Let $(\mathcal{X},d)$ be a metric space and $\mu$ be a Borel probability measure on $(\mathcal{X},d)$. Let $m \in \mathbb{N}$ and define the two probability product measures $\mu^{m} := \otimes_{k=1}^{m}\mu$ and $\mu^{2m} := \otimes_{k=1}^{2m}\mu$ on the Borel subsets of the product spaces $\mathcal{X}^{m}$ and $\mathcal{X}^{2m}$, respectively. Let $\mathcal{C}$ be an arbitrary family of Borel subsets of $(\mathcal{X},d)$ (in general not denumerable, but that we may assume to have finite Vapnik-Chervonenkis dimension) and $\varepsilon>0$. Define $$Q:=\Big\{(x_1,\dots,x_m) \in \mathcal{X}^{m}\ \Big| \ \exists C \in \mathcal{C}, \Big| \mu[C] - \frac{1}{m} \sum_{k=1}^m \chi_C(x_k) \Big| \ge \varepsilon \Big\}.$$
The $\varepsilon$-sample theorem proof has as a first step a symmetrization trick. I have a question about the rigorousness of that part of the proof. It is based on the following step that left me baffled: \begin{align*} \mu^{2m}\bigg[ \Big\{(x_1,\dots,x_m,x_1',\dots,x'_m) \in \mathcal{X}^{2m}\ \Big| \ \exists C \in \mathcal{C}, \Big| \mu[C] - \frac{1}{m} \sum_{k=1}^m \chi_C(x_k) \Big| \ge \varepsilon \land \Big| \mu[C] - \frac{1}{m} \sum_{k=1}^m \chi_C(x_k') \Big| \le \frac{\varepsilon}{2}\Big\} \bigg]\\ =\int_{Q} \mu^m \bigg[ \Big\{ (x_1',\dots,x_m') \in \mathcal{X}^m \ \Big| \ \exists C \in \mathcal{C}, \Big| \mu[C] - \frac{1}{m} \sum_{k=1}^m \chi_C(x_k) \Big| \ge \varepsilon \land \Big| \mu[C] - \frac{1}{m} \sum_{k=1}^m \chi_C(x_k') \Big| \le \frac{\varepsilon}{2} \Big\}\bigg]\operatorname{d}\mu^m(x_1,\dots,x_m) \end{align*}
Here, it is clear that the author of the proof wanted to use disintegration via independence. However, the involved sets are not measurable in general: it is not assumed that the family $\mathcal{C}$ is denumerable, so we have no guarantee about the measurability of every set defined through a condition of the form "$\exists C \in \mathcal{C}$". Then, I thought that the above equation could be interpreted in terms of the corresponding (uniquely defined) outer measures. But, at that point, I'm not even sure that what it is written actually makes sense (we are integrating on a set $Q$ that, in general, is not measurable, and it isn't clear that the integrand function is measurable at all), nevermind if disintegration could be performed anymore.

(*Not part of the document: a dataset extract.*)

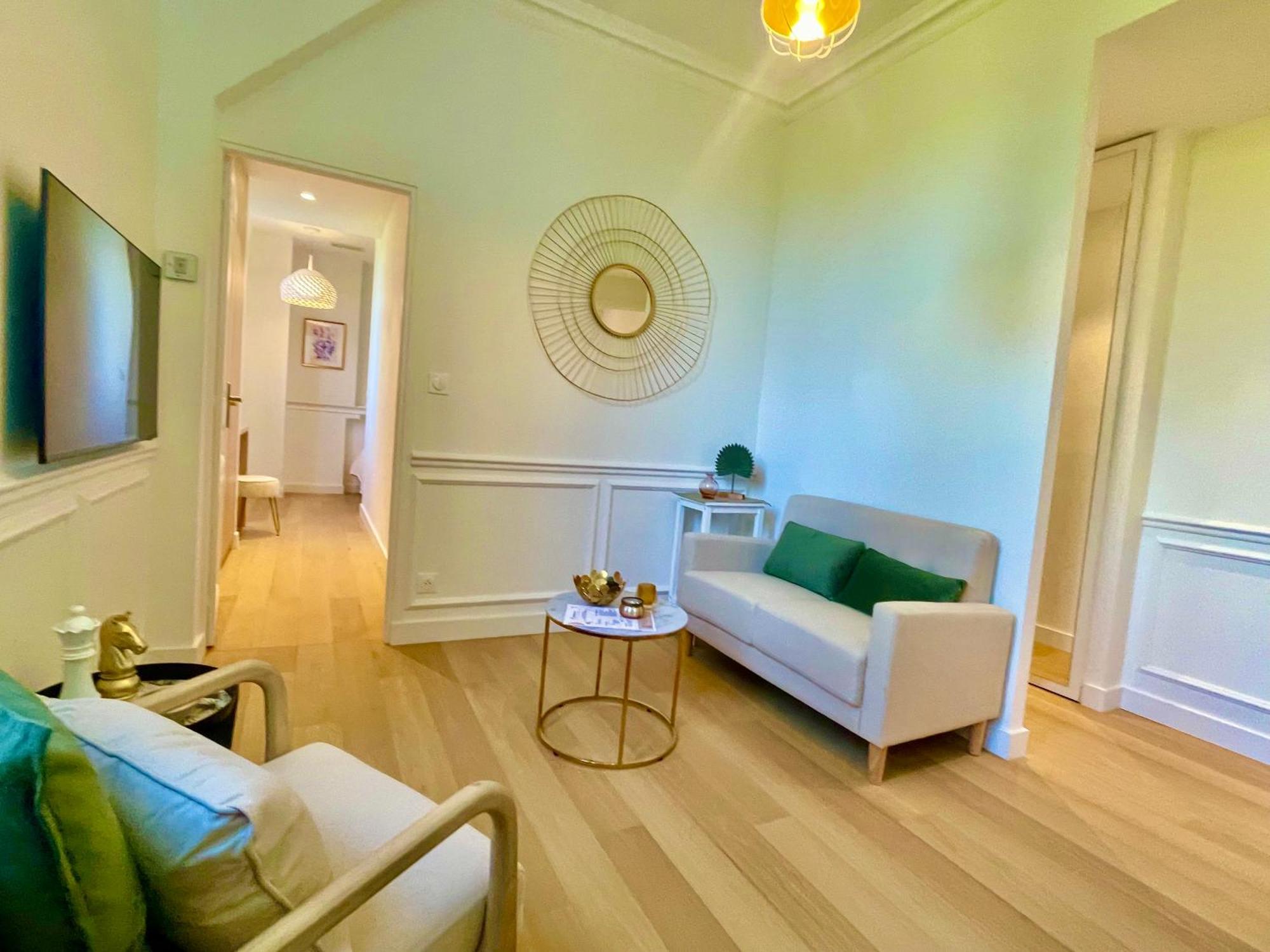Appartements De Charme Du General Leclerc - Place D'Erlon - Hypercentre - Gare - Реймс Екстер'єр фото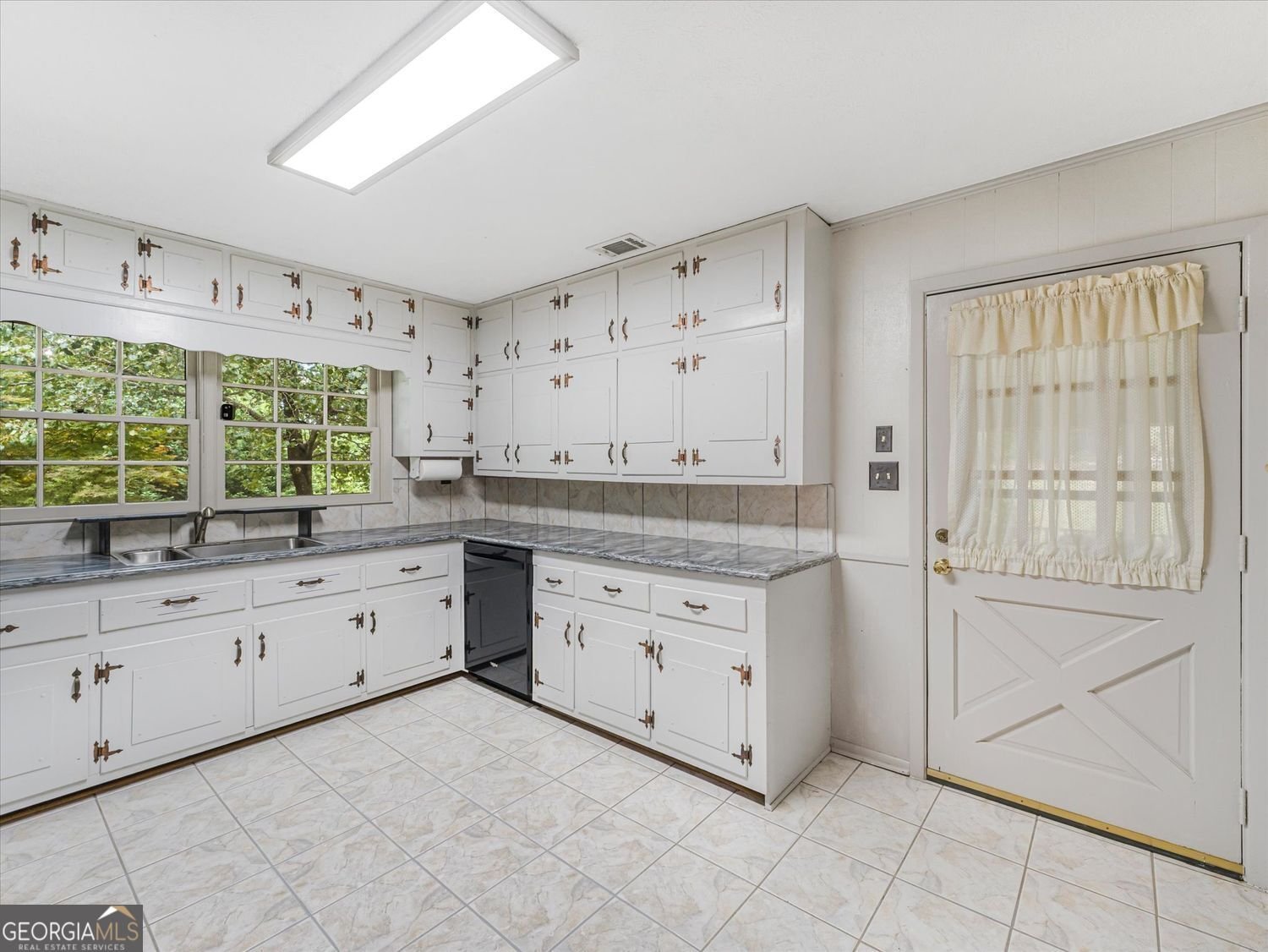 3946 Fraser Circle Gainesville - Photo 15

Is it possible to make the previous step rigorous without assuming the measurability of the involved sets?
That line of the proof, with just slightly different notations, could be found in e.g., Anthony, Bartlett - Neural Network Learning, Theoretical Foundations, Lemma 4.4, pag. 46 and 47, eq. (4.3).